Using Observe and Describe allow you to address behaviors in a better way. Observing children’s behaviors, you are not judging your child or their poor behavior. The lack of judgment makes it harder for your child to argue against what you’ve observed. When your child doesn’t feel like they are being attacked, they are more likely to follow your instructions and change their behavior.
Observe and Describe helps you clarify to improve behavior by giving you the words to describe children’s behavior. Observe and Describe helps point out your child’s positive behavior and why you are proud of them. When your child knows why you are proud of them, they will be more likely to repeat the behavior you want.

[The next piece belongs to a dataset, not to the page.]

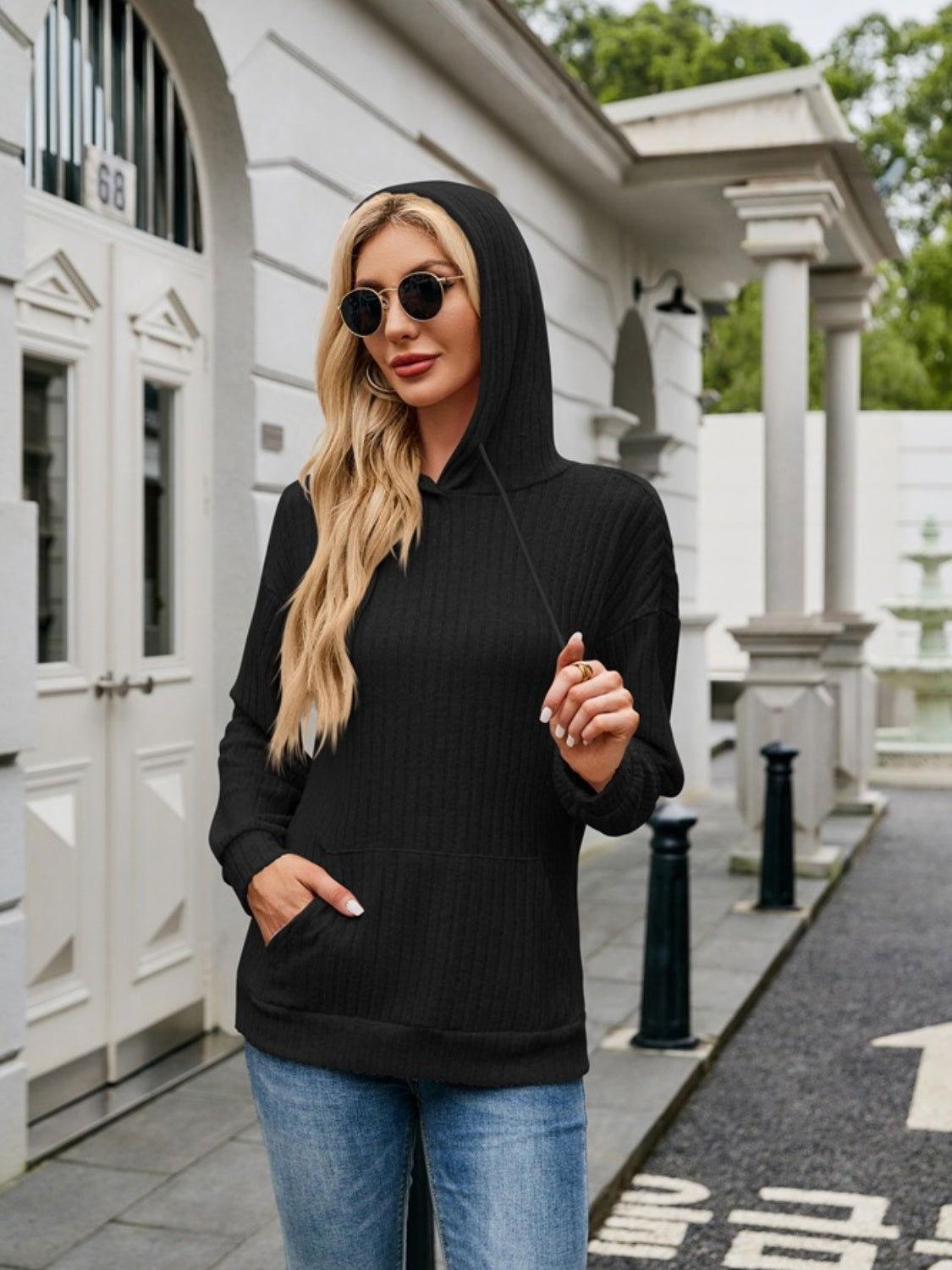 Ribbed Drawstring Long Sleeve Hoodie - Clothes For Her Online Store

Observe and Describe takes practice before it becomes second nature to come up with the words to describe a child’s behavior. Before using it on your children, start by observing what you encounter and describing to yourself what you see. For example, if you’re at the grocery store and see a child pulling boxes off the shelf. You’d say to yourself, “Mary, you have pulled the cereal boxes off the shelf and left them in the middle of the aisle.” Practicing it in your head allows you to become more comfortable with the steps before actually having to do it with your kids. Many parents find it helpful to practice pausing the TV or movie and describing what just happened. It’s ok if it takes a while before you feel comfortable using the skill.
The three steps to Observe and Describe are:
Observe the behavior
Get your child’s attention
Describe what you see. Be descriptive and specific. Avoid vague words and phrases.

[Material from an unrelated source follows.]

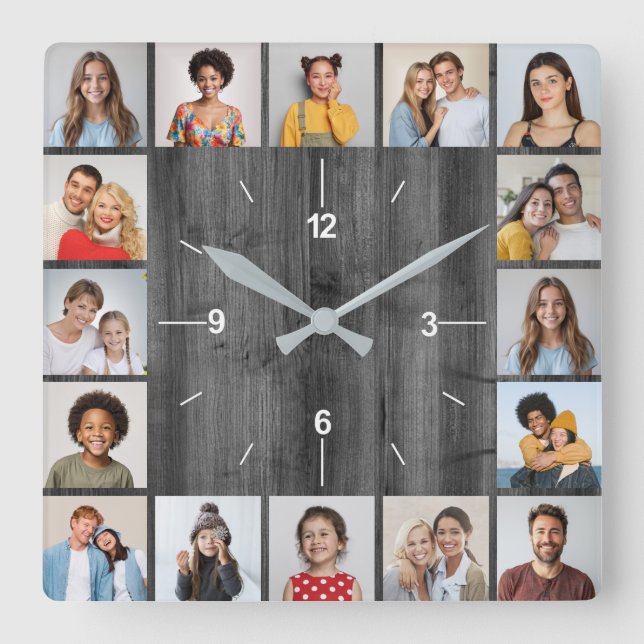 Horloge Carrée 16 Photo Collage Clair Gris Faux clôture en bois (Recto)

Children are concrete thinkers, so they have a hard time gasping vague phrases or words. Things like: “stop acting out,” “stop being bad,” or “don’t cause problems” doesn’t tell your child what you want. If your child isn’t able to grasp what they are being told, they won’t be able to change their behavior. Describing words for kids helps tell your child what you want.
Many parents wonder what behavior is. Behavior is what your child does or says. It is anything a child does that can be seen, heard, or measured (how often or how long).
Three things to remember when using the skill of Observe and Describe
Putting yourself at eye level when getting a child’s attention. Being at eye level makes you less scary to your child. Also, sitting side by side instead of looking directly at them will help them understand that you are displeased with their behavior and actions and not with them.
Eliminate distractions. Talking to your child without distractions increased the chance of your child hearing and understanding what you are saying.
Be aware of facial expressions and body language. Smile when your child has done something you’re happy with or frown when you’re displeased. Even if your child doesn’t understand every word you’re saying, they’ll get the message through your body language.